Parfois, lâcher est tellement difficile qu’on repousse ce moment encore et toujours. On sait qu’un parent est malade et meurt à petit feu, on sent qu’une relation amoureuse ne fonctionne plus depuis des années, on sait que sa consommation excessive d’alcool ou de drogue affaiblit notre corps, ou encore, on croule sous la souffrance quotidienne qu’on subit à notre travail ou depuis la perte d’un être cher, mais on le vit. Changer nous semble trop difficile et on compte sur des moments éphémères de plaisir pour tout supporter et pour attendre que ça passe. Et ça continue. On vit, et on se dit qu’on est quand-même mieux ici qu’ailleurs, qu’on a quand même de la chance comparé à quelqu’un d’autre et on devient reconnaissant tout en continuant à vivre. On vit et on survit. Moi aussi, je repousse ce moment de lâcher prise, d’acceptation,  notamment concernant des décisions qui me semblent insurmontables. Alors je ne pense pas qu’il faille absolument se faire violence dans ces moments de fragilité. Par contre, on peut commencer par accepter ces moments avant de pouvoir lâcher ce qui ne sert plus, ce qui doit partir.
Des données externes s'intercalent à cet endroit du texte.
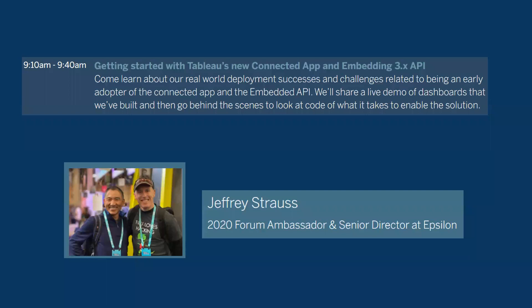Just some quick logistics. Everyone is muted during the whole session for better recording quality. Please use the Q&A button to submit questions at any time. Everyone is welcome to answer any of those questions as this is a community event. Jeff will try to answer all your questions at the end with a dedicated Q&A time. The recording will be available on YouTube, and I have a link where you can find this recording and all previous recordings.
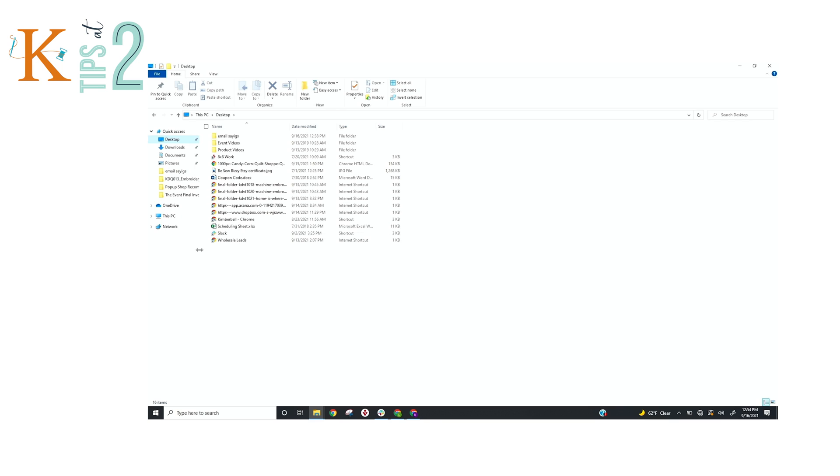The important thing to remember when you download any design, either from a CD or from an online purchase at Kimberbell, is where is your download going.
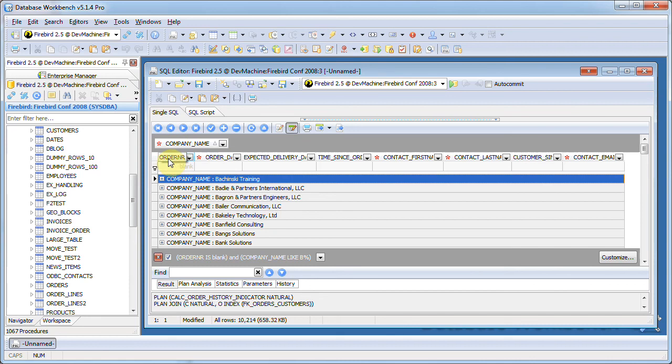This is how local filtering, grouping and sorting works. It's an easy way to find data in a large result set without having to modify the query itself. Thank you for watching.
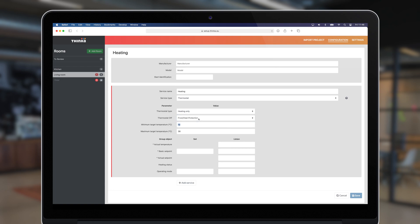Next, choose the minimum and maximum target temperatures, and then provide the relevant group addresses. Tinko will hint the KNX datapoint type when you hover over a field.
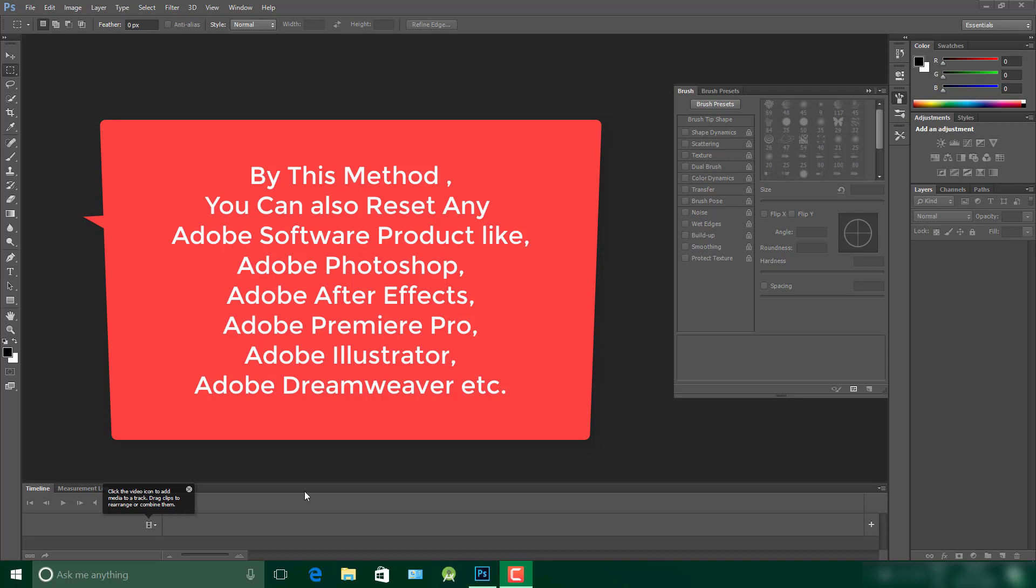As we all know, Photoshop has many tools, bars and windows. Sometimes we don't know how to handle these tools or unwanted windows, so we have to reset Adobe Photoshop to its default settings.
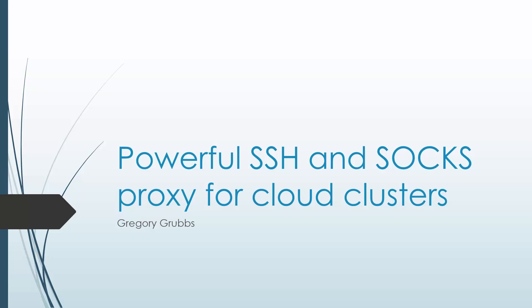Hi, I'm Gregory Grubbs, and the purpose of today's session is to learn to utilize SSH, SSH agent, and agent forwarding, as well as SOCKS proxies, to make your life on cloud clusters at least 47% better.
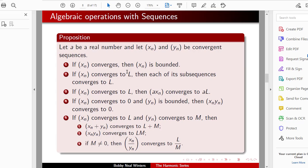One: if Xn converges, then it's bounded. Two: if Xn converges to L, then each of its subsequences converges to L. Three: if Xn converges to L, then A times Xn converges to A times L. Four: if Xn converges to 0 and Yn is bounded, then Xn times Yn converges to 0.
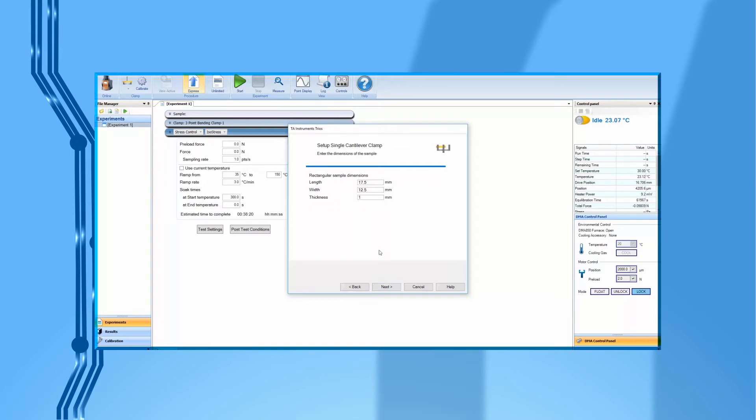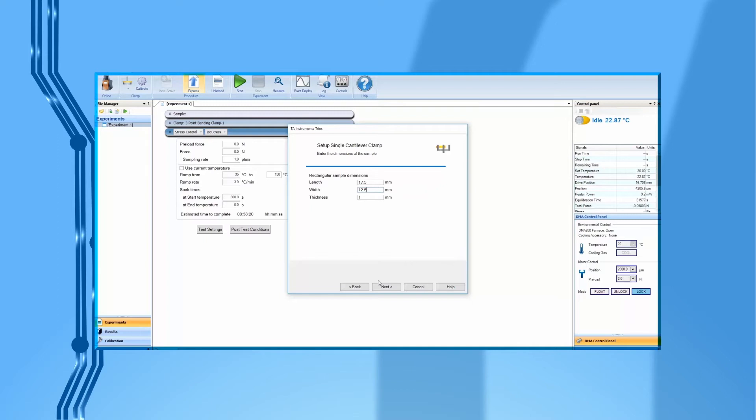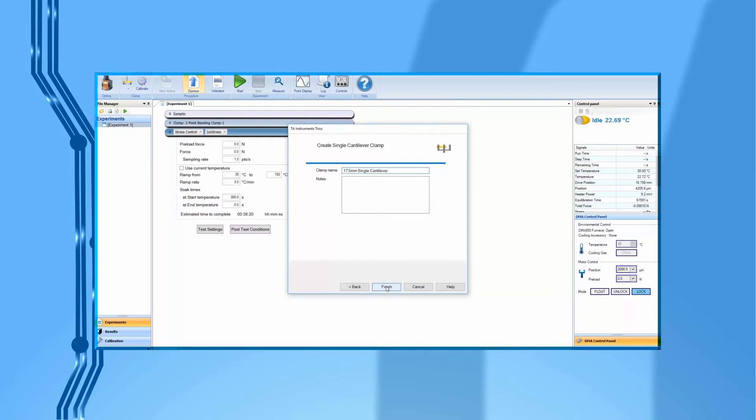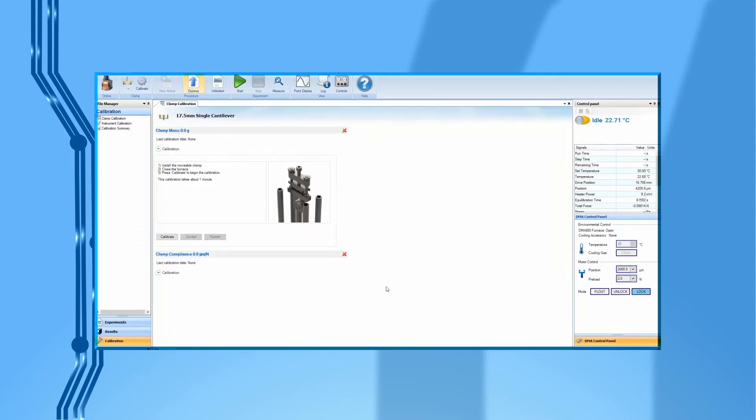In this video, we will use the 17.5 mm single cantilever clamp as an example. So under Clamp Sample Dimension, enter 17.5 mm as sample length. We can leave the sample width and thickness as default for now, since we'll be measuring and entering those values when testing each individual sample. Specify the name of this clamp by entering 17.5 mm single cantilever. Click on Finish to create this clamp file.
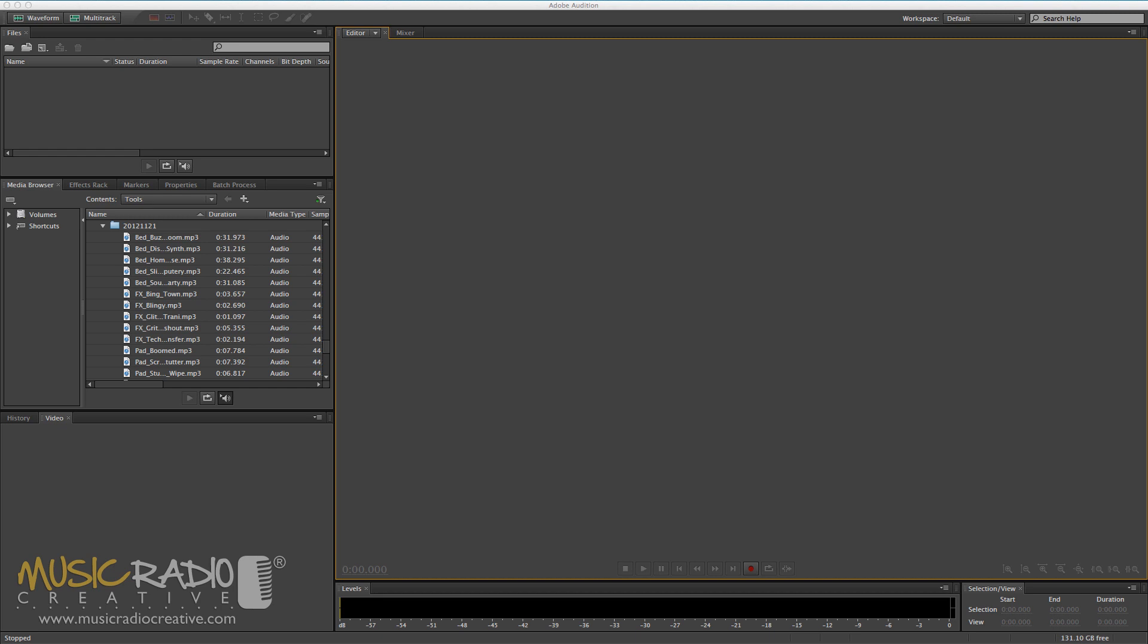Hello, this is Mike Russell from MusicRadioCreative.com. In this tutorial, I'll show you how to improve your audio editing skills in minutes. Whether you're editing a voiceover session, an interview for your podcast or radio show, this tactic can be employed in many situations.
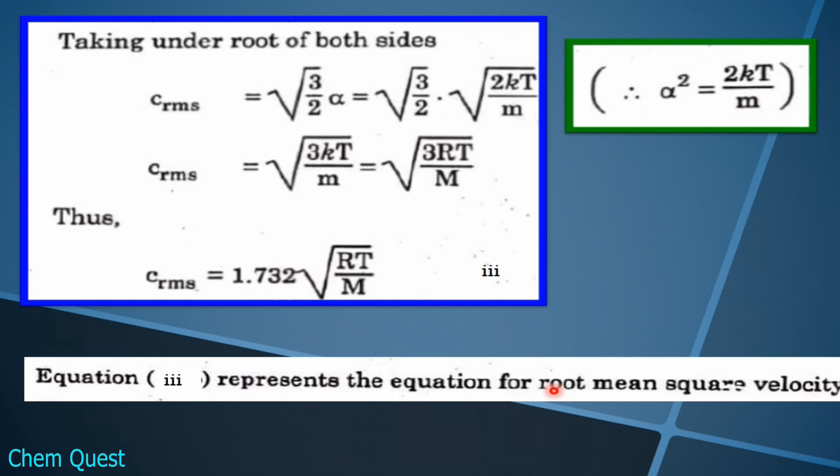This equation 3 represents the formula for root mean square velocity. In this way we have deduced root mean square velocity from Maxwell's distribution equation. In the next lecture we will see the relationship between the three velocities — most probable, average, and root mean square velocity — and then there will be some numerical problems. Allah Hafiz.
Le lâcher prise viendra après, tout naturellement. Mais comment faire?

Le yoga m’a donné des outils simples pour accepter ces moments difficiles. C’est en les acceptant que je pourrai un jour laisser partir des choses que j’ai peur de perdre aujourd’hui. Tout d’abord, il s’agit de discipline. Un concept très cher à mon coeur. Il y a des années, j’ai fait le choix de me lever tôt et d’appliquer quelques techniques de respiration et de concentration, juste quelques minutes chaque matin. Pendant ce moment, je reste avec moi, avec le son de l’air qui entre et qui sort de mes narines, de ressentir les vibrations et les frétillements de ma peau et de mon âme. En silence. Parfois ça fait mal, ça fait pleurer, ça peut nous énerver, mais j’ai fait le choix de vivre ces moments. J’ai commencé par quelques minutes et au bout de quelques temps, lorsque j’ai senti les bienfaits de ces outils, j’ai augmenté le temps de cette bulle méditative. Mais pour cela, il faut faire le choix de se discipliner. C’est la première étape avant de laisser partir ce qui doit partir. 

Durant cette saison transitoire, de préparation à l’hiver, et de fin d’année, de fin de cycle, je t’invite à te discipliner, juste quelques minutes chaque matin. Réveille-toi avant le lever du soleil, même si tu n’as pas beaucoup dormi la veille. Sors de ton lit chaud et rince-toi le visage, déroule ton tapis et allume une bougie. Etire-toi ou fais deux ou trois salutations du soleil et puis assied-toi avec un châle autour de tes épaule. Respire par le nez et commence juste à ressentir ton corps. Laisse monter les émotions qui sont là mais qu’on a trop souvent tendance à contenir. Juste quelques minutes. Et puis, commence ta journée.